I was lucky enough to get a chance to sit down with some of the Rockstar guys last month in their SoHo offices and look at and talk about Bully for a package of stories I was working on for the Rocky Mountain News.

Earlier this week I had a news story up about the game, today I have a story up about Bully that looks at censorship and the medium of gaming coming into its own as a social commentary. The story includes interviews with the executive directior of the National Coalition Against Censorship, Clive Thompson, the Miami-Dade school board member who banned the game, Rockstar founder Terry Donovan and our very own Alice Taylor, of the BBC.

It's a controversy launched by a sentence.

The video game Bully, from the makers of Grand Theft Auto, has been called a Columbine simulator and an impetus for teen violence. The House of Commons condemned it, the Miami-Dade School District banned it, and anti-violence activists have protested it.

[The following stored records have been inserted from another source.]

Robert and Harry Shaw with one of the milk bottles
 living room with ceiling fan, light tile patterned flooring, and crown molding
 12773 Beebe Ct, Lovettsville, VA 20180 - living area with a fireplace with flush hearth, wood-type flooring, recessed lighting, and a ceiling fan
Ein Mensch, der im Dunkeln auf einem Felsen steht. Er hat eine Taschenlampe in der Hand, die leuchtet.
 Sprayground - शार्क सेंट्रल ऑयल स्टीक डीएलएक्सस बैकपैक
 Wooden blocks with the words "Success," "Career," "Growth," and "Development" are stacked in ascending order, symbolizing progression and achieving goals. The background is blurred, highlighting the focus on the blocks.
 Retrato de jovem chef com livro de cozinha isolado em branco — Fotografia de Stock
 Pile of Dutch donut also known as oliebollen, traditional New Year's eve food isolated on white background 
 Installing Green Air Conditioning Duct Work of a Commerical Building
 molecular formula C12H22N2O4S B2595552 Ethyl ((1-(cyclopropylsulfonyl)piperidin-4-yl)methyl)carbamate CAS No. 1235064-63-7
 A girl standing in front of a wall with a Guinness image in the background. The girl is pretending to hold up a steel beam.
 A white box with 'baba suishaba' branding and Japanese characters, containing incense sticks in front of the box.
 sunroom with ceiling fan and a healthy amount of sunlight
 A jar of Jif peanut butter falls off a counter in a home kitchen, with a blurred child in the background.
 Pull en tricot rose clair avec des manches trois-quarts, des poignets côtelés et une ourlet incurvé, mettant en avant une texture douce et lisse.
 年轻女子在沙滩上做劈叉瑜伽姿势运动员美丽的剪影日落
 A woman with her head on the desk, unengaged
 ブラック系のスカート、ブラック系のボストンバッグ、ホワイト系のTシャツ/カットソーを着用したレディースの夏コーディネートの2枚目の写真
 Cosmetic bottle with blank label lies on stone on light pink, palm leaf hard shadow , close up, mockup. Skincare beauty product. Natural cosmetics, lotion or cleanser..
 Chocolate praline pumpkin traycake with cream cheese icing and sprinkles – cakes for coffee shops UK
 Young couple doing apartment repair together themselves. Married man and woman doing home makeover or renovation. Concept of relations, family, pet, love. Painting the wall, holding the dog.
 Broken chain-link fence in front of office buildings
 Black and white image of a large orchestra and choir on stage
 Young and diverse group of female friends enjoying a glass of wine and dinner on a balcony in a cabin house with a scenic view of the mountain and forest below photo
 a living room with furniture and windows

Until this week, the only thing these vocal critics knew about Rockstar's upcoming game came from a single sentence released in 2005:

"As a troublesome schoolboy, you'll laugh and cringe as you stand up to bullies, get picked on by teachers, play pranks on malicious kids, win or lose the girl, and ultimately learn to navigate the obstacles of the fictitious reform school, Bullworth Academy."

But with this week's announcement of the game's October release, more details have emerged — as have advocates for the game. Where some people see controversy, others now see a cause. Months before its release Bully may be evolving into a benchmark game for issues ranging from censorship to the stature of video games as relevant social commentary.

Make sure you check out the full story. I think it touches on some interesting ideas about gaming and its place in popular culture.

Evolution or Explotation [Rocky Mountain News]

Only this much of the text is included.